The Living Room - 1966
We always regarded the living room as our formal, or showcase room. This picture was taken during a Halloween party - an illuminated pumpkin sits on the piano stool behind the drapes. Decor includes Dad's framed Old Spice ships; I gave him a gift set for his birthday and he liked the ship logos so much he cut the box apart and framed them. I don't remember when we got that gold Queen Anne-ish wing chair, or where we got it, but we kept it until it almost literally fell apart. Then we gave it to some people across the street.
Over the years those particular neighbors collected more of our cast-off furniture than the trash man or the back yard ever did. They were also notable for having the neighborhood's longest chain of trash cans, put out every Tuesday morning for collection (this was before aluminum beer cans were recycled). The remarkable thing was that all that trash flow never seemed to help the exterior or interior appearance of their house, which was always an utter mess.
Notice that furry blue throw rug under the chair? You can also see it in the April 1970 den picture, in front of the fireplace. It served duty in the bathroom as well, where it got in the way of the door. We always got plenty of use from our throw rugs. I remember seeing it in the back yard as late as 1975.
Mom adapted the antique copper server (it sits on a carpet remnant on the Mediterranean table) as a planter. She was very fond of the bisque Ma, Pa and Huckleberry Finn statues that sit in front of it. I think they represented our family to her in some inexplicable way (or her family, or a Shirley Temple film family, or something). After I accidentally broke off Pa's pipe she lost interest in them and they were thrown out.
That's a Ben Cooper (Collegeville, PA) costume on the chair, by the way. Standard Halloween wear for kids in the Sixties.
This picture was taken in 1967, after my birthday in April. I know this because I put the little plastic spacemen that were on my 11th birthday cake into the planter, poking around in the giant alien foliage. (That's that yellow thing - obviously an early Star Trek influence.)
Mom demanded the Old Spice ships removed - this was too much, even for her - and the space next to our grandfather clock is blank. I remember, however, that the holes remained for years until I plugged them up and painted over them as a teenager. (You never knew when you might want to take a girl you wanted to impress through the house!) That grandfather clock, by the way, was the best thing we had in the house by far. I still have it. An Ithaca clock of 1912 vintage, a dealer once offered me $2,000 for it sight unseen. Mom got it at a Goodwill store. They wanted $50 or $60 for it - Mom hid the key and complained that since she'd have to find one she should be able to get it for less. $40 exchanged hands and the clock was hers.
Notice that the furry blue throw rug shown in the previous photo has been moved to protect the carpet from our big Mediterranean coffee table.
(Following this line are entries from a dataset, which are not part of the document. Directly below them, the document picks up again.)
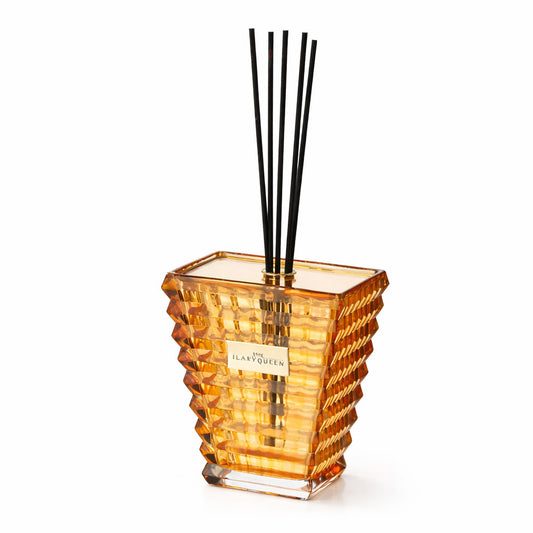 Ilary Queen Diffusore Vetro Ambra Taormina Design 10x13 cm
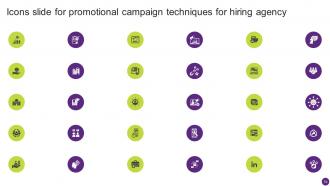 Promotional Campaign Techniques For Hiring Agency Powerpoint Presentation Slides Strategy CD V Content Ready Graphical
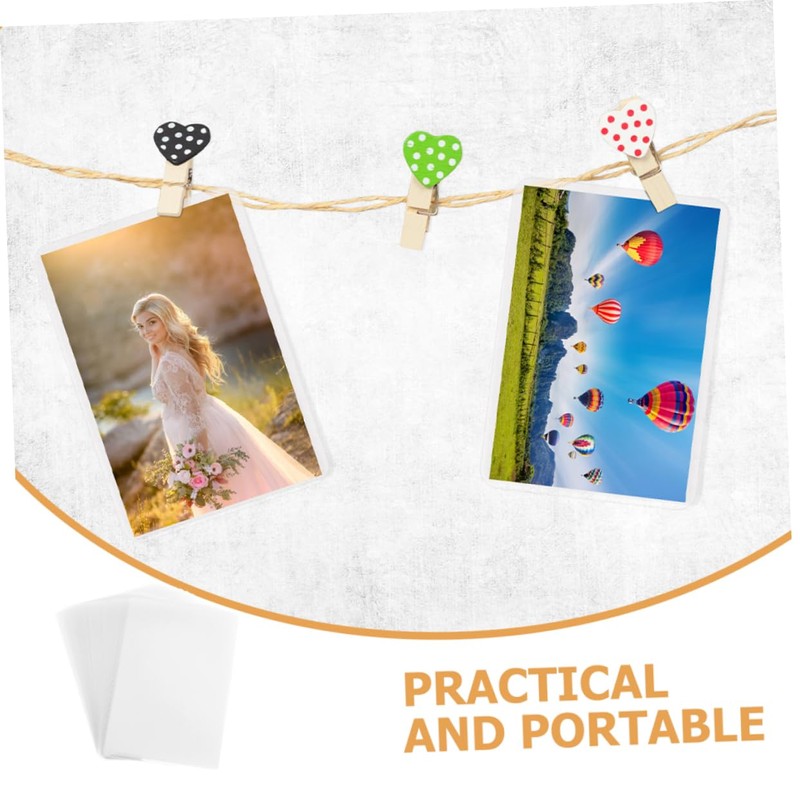 Operitacx 100pcs Photo Laminating Sheets 3 X8mil Waterproof Plastic Laminating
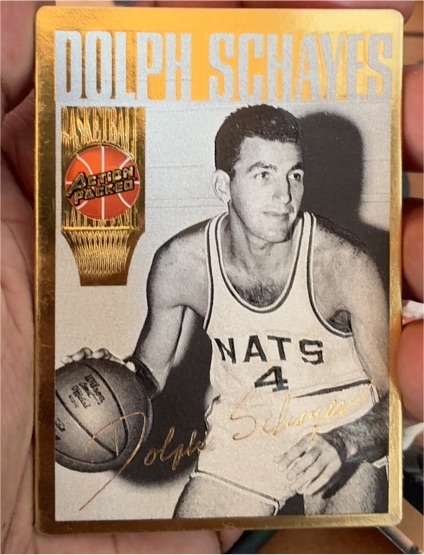 1994-95 Action Packed Basketball Hall of Fame #22G Dolph Schayes Gold — front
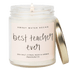 Sweet Water Decor Candles Best Teacher Ever Soy Candle - Clear Jar - 9 oz (Salt and Sea)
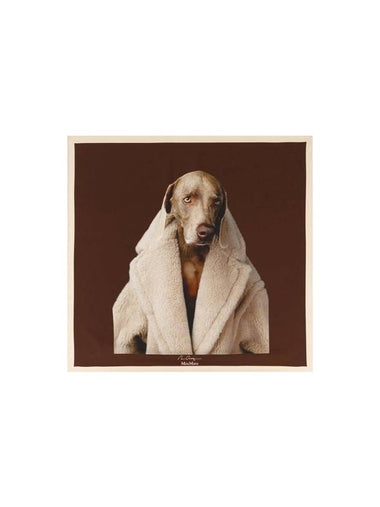 Carreteddydog Silk Muffler Brown - MAX MARA - BALAAN 1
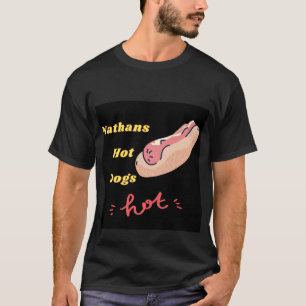 T-shirt chien chaud nathans 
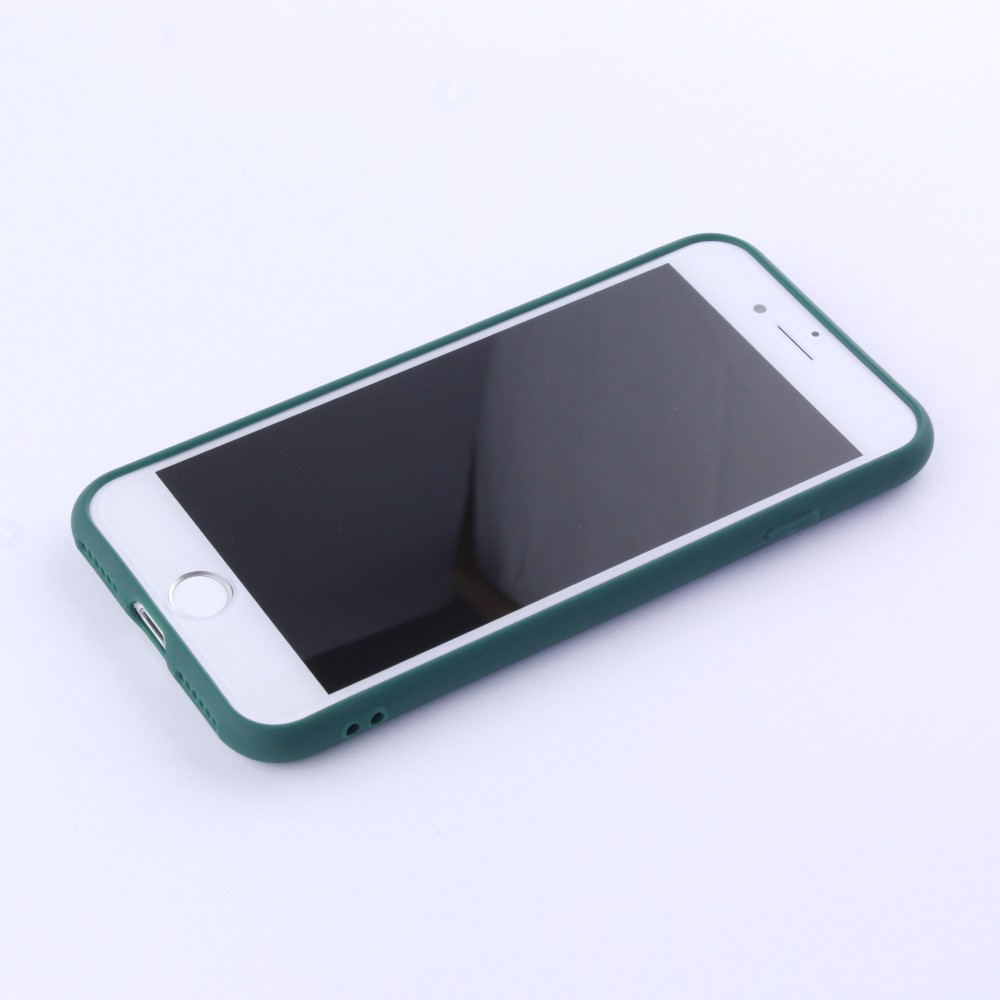 Coque iPhone 7 / 8 / SE (2020, 2022) - Silicone Mat Coeur - Vert foncé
This table had three pieces of faux marble set into the top. I later cracked the big center piece, but I forget how. Anyway, the table and the marble pieces wound up in the back yard, inevitably. I used the marble pieces as tombstones when I became interested in the soap opera "Dark Shadows," and set up my backyard Clark Family cemetery. (One of the wooden tombstones was, of course, antiqued avocado.) No one ever ended up buried in the family cemetery - there were laws against such things in Southern California - but it was fun coming up with imaginary ancestors with Old Testament, colonial-style names ("Jedediah Clark," "Ezekiel Clark," etc.).
That white Louis the Somethingteenth sofa on the right edge of the photo is the same as the one shown in the 1970 Den picture. (Like the blue throw rug, or a pioneer looking for better land, it migrated all around the house.)